Wrapping Up - Seven Concurrency Models in Seven Weeks (2014)

Seven Concurrency Models in Seven Weeks (2014)

Chapter 9. Wrapping Up

Congratulations on making it through all seven weeks!

We’ve covered a great deal of ground, from the fine-grained parallelism supported by a data-parallel GPU to the massive scale of a MapReduce cluster. Along the way, we’ve seen not only how concurrency and parallelism allow us to exploit the power of modern multicore CPUs, but also many other benefits of moving beyond conventional, sequential code:

· We saw how Elixir, Hadoop, and Storm all distribute computation across a cluster of independent machines, allowing us to create solutions that can recover when hardware fails.

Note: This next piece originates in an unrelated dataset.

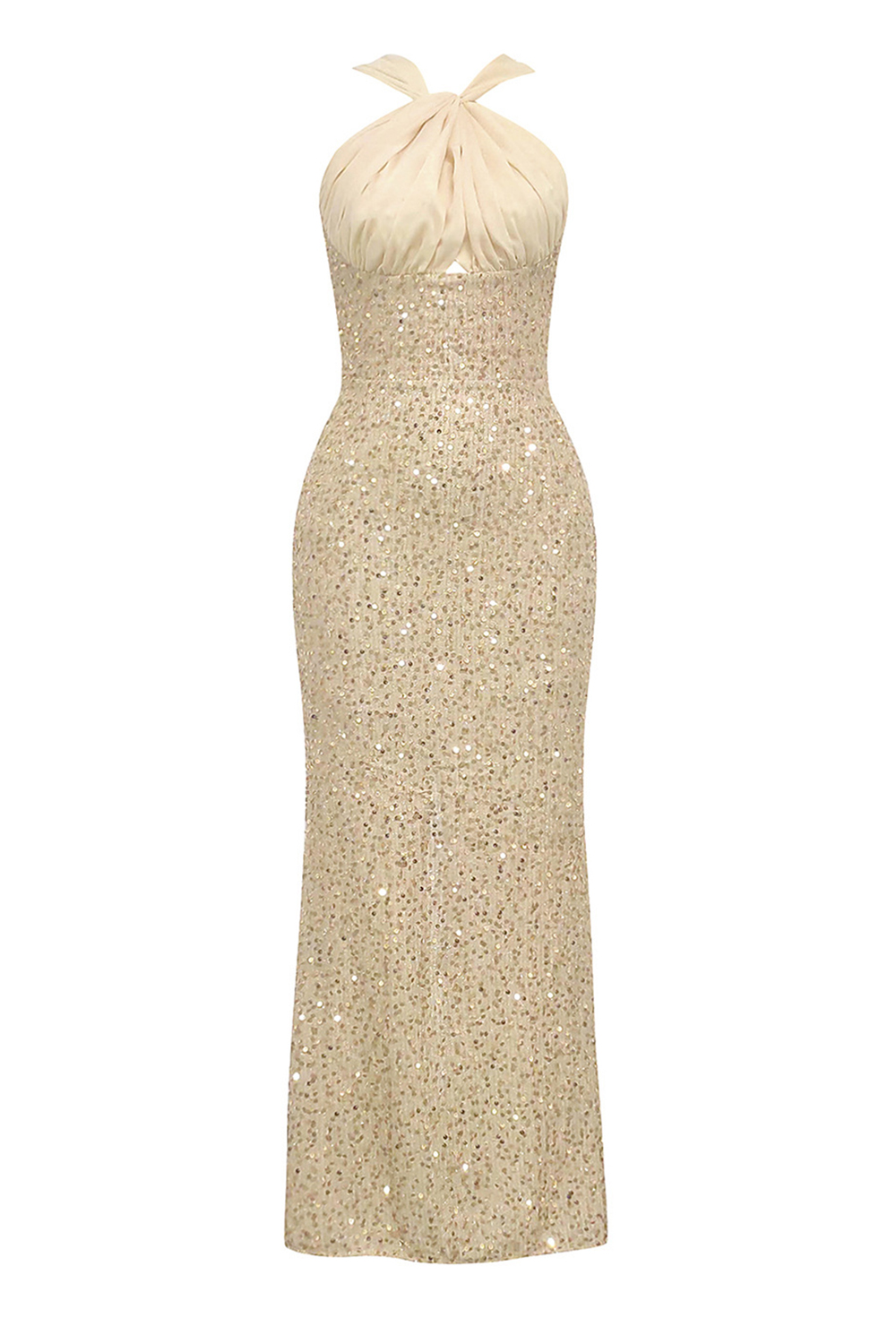 Sparkly Sequin Halter Cocktail Party Dress with Back Slit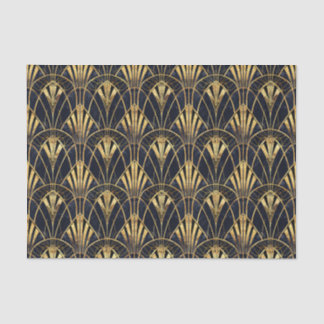 Niedliches Schwarz-Gold-Deko-Muster gefliest Seidenpapier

· When looking at core.async, we saw how concurrency could rescue us from the “callback hell” commonly associated with event handling.

· In the chapter on functional programming, we saw how a concurrent solution could be both simpler and easier to understand than its sequential equivalent.

Let’s take a look at what this means for the future.

Where Are We Going?

More than two decades ago, I predicted that parallel and distributed programming were about to go mainstream, so I don’t have a fantastic track record as a pundit. Nevertheless, I believe that the increasing importance of concurrency and parallelism have clear implications for the future of programming.

The Future Is Immutable

To my mind, one lesson shines through all others—immutability is going to play a much larger part in the code we write in the future than it has in the past.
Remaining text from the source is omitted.